→ EXERCISE OBJECTIVE:
Wherever pictures appear in the listing below, leave them out, and copy exactly, and only, everything from the line with "Domácí Peprmintová Kůra" down to the line with "VENTA CASA A REACONDICIONAR ZONA OESTE".

→ EXERCISE MATERIAL:
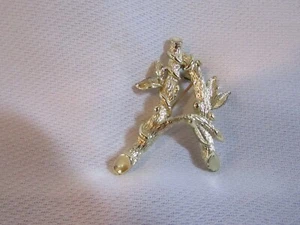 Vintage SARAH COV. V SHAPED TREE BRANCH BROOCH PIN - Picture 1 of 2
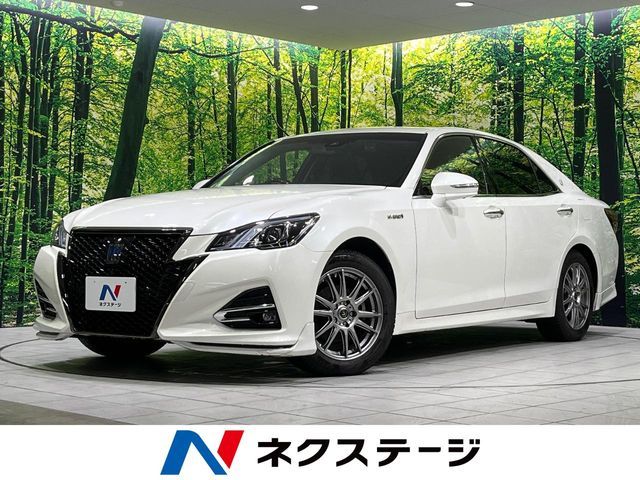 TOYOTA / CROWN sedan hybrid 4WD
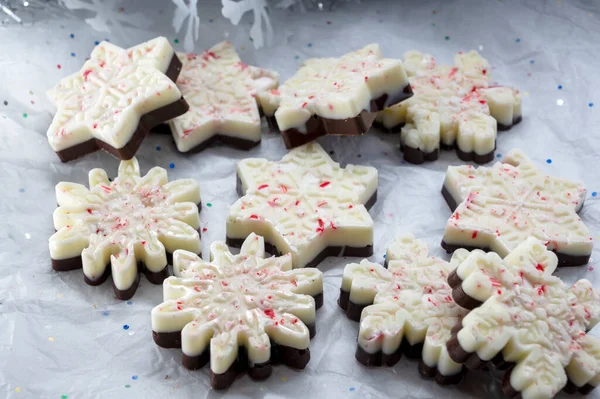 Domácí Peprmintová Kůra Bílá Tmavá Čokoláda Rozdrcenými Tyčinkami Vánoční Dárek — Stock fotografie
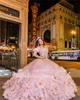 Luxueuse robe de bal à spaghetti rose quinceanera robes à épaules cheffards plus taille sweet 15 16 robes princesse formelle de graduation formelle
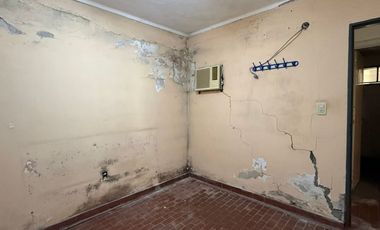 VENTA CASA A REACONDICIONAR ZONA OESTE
--
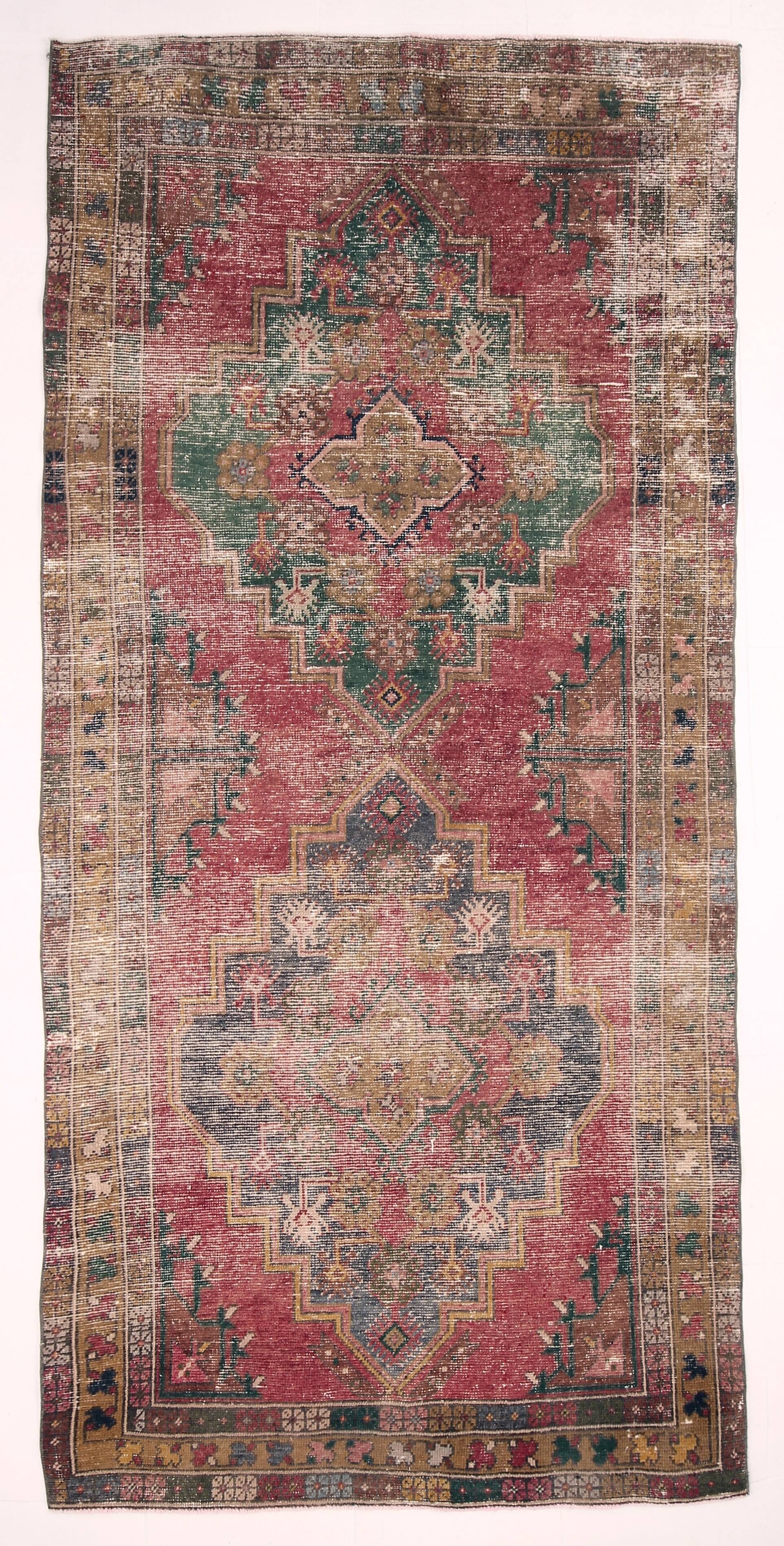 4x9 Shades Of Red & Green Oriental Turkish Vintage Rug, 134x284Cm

→ RESULT:
 Domácí Peprmintová Kůra Bílá Tmavá Čokoláda Rozdrcenými Tyčinkami Vánoční Dárek — Stock fotografie
 Luxueuse robe de bal à spaghetti rose quinceanera robes à épaules cheffards plus taille sweet 15 16 robes princesse formelle de graduation formelle
 VENTA CASA A REACONDICIONAR ZONA OESTE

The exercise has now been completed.